▶ TASK PROMPT:
Below are some records. Print exactly the lines between the one holding "VEVOR Compact Bender" and the one holding "Стильная повседневная женская", inclusive, and nothing else.

▶ DATA SUPPLIED:
※

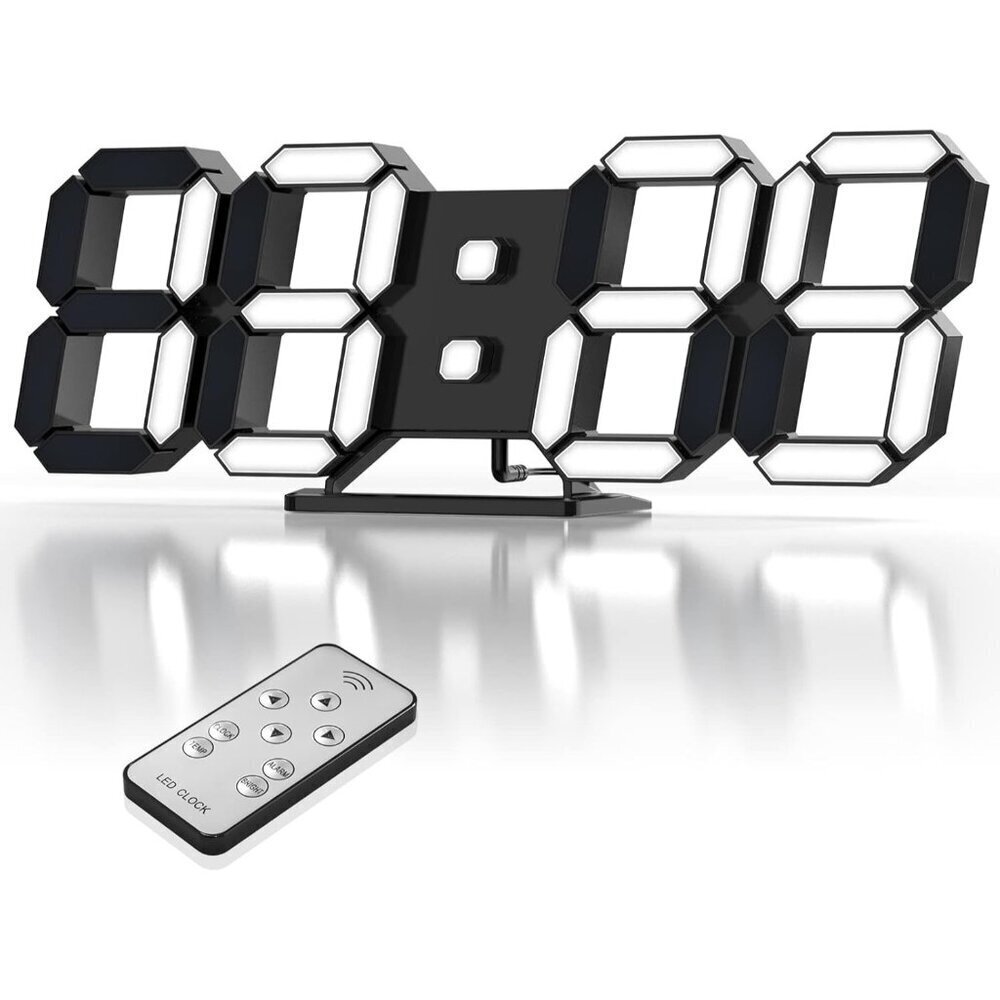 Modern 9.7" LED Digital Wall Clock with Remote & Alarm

※

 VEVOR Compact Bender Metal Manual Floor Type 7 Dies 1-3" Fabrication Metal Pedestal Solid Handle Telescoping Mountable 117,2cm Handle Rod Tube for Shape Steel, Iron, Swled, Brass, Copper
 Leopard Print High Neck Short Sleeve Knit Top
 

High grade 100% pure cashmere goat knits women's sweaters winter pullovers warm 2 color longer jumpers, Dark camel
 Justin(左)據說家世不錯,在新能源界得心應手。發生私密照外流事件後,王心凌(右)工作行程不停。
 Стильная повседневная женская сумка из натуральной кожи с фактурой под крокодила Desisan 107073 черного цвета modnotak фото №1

※

▶ YOUR RESPONSE:
 VEVOR Compact Bender Metal Manual Floor Type 7 Dies 1-3" Fabrication Metal Pedestal Solid Handle Telescoping Mountable 117,2cm Handle Rod Tube for Shape Steel, Iron, Swled, Brass, Copper
 Leopard Print High Neck Short Sleeve Knit Top
 

High grade 100% pure cashmere goat knits women's sweaters winter pullovers warm 2 color longer jumpers, Dark camel
 Justin(左)據說家世不錯,在新能源界得心應手。發生私密照外流事件後,王心凌(右)工作行程不停。
 Стильная повседневная женская сумка из натуральной кожи с фактурой под крокодила Desisan 107073 черного цвета modnotak фото №1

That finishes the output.